→ Task statement:
Within the data below, find the string "Used" and return each line where it occurs.

[[ Data provided, beginning ]]

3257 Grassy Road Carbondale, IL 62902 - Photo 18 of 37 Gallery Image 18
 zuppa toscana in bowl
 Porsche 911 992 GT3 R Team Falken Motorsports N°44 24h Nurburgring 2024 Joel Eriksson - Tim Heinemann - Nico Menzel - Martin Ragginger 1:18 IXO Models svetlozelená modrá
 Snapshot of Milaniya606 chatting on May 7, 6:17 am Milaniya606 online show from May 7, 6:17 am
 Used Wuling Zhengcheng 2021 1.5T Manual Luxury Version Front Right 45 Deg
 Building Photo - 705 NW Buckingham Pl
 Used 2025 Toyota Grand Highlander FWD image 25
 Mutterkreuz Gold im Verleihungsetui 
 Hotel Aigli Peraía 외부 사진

[[ Data provided, end ]]

→ Response to this exercise:
 Used Wuling Zhengcheng 2021 1.5T Manual Luxury Version Front Right 45 Deg
 Used 2025 Toyota Grand Highlander FWD image 25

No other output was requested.